收費章節(12點)
圖紙送去後,過了十幾日,舒弘讓人將東西送了進來,原木的顏色沒有上漆,只是打了層薄薄的蠟,模上去滑潤的感覺,一股子楠木的香味淡淡地飄著,打開盒子,木制的蓮花把手小巧精致,抽屜里鋪著紅色的絲絨,很讓她滿意,只是她原本想要的銅鏡卻換成了一種明亮的材質,照得人臉上的絨毛可見。
「咦?這是什麼鏡子?」模上去沁涼沁涼的,很是舒服。
「回小娘子話,我家公子說,這東西叫水晶鏡子,原本是宮里造辦處制的,從前都是專供宮中貴人們使用,多余的便用海船賣到外面去,今年官家發了話,允許民間使用,公子便做主替您換了。」送東西來的是位陌生的管事媳婦。

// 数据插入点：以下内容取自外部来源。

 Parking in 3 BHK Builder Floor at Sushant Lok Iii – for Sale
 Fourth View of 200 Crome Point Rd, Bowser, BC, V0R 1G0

雲槿嵐看了眼林媽,林媽會意地遞了個荷包過去,隨口一問,「你是?」
那管事媳婦爽快地接了荷包,恭敬地回了話,「您是林媽媽吧,我夫家姓舒,原本在洛城莊子干活,公子明年要成親了,便讓我們全家過來听吩咐,公子說了,以後小娘子有什麼需要跑腿的,交待我就是了。」
「原來是舒大嫂子,煩你去跟你家公子說一聲,東西很合心意,謝謝了,只是這鏡子怕是比銅鏡要精貴些,三百兩可夠?」
「公子說銀錢是足夠的。」舒大嫂子心里卻想著,怎麼會夠,僅是那面鏡子就去了二百兩。
既然他這麼說,雲槿嵐也不矯情,命冬素拿了新房子的圖紙過來,「我自個兒琢磨了兩日,也不知合不合用,若是不合用,讓你家公子自去改好了。」
舒大嫂子接過後,也不多話,自回去尋了舒弘。
莊子重建,楊宣翊自不好再住在莊子里,舒弘便使人在零陵租了個院子,讓他暫時歇腳,誰想此人是個呆不住的,整日帶著那美人四處玩耍,到是把附近的好山好水玩了個遍。
這日,楊宣翊去北麓山谷見沈先生,一進門便見沈容安與舒弘兩人正在研究桌面上的圖紙,也湊過去看了半天,不由地贊嘆起來,「這園子設計得不錯嘛,特別是這一處九曲戲荷廊,借著現有的水道和山體,仰觀山景,俯戲荷田,真是雅致得緊。這園子是誰設計的?趕明兒我開府時,也給我去拾掇拾掇。」
「小王爺怕是沒這機會了。」沈先生拂著不長的胡須,心里暗嘆,雲家這位小娘子確實是不錯,舒弘娶了這門親不屈。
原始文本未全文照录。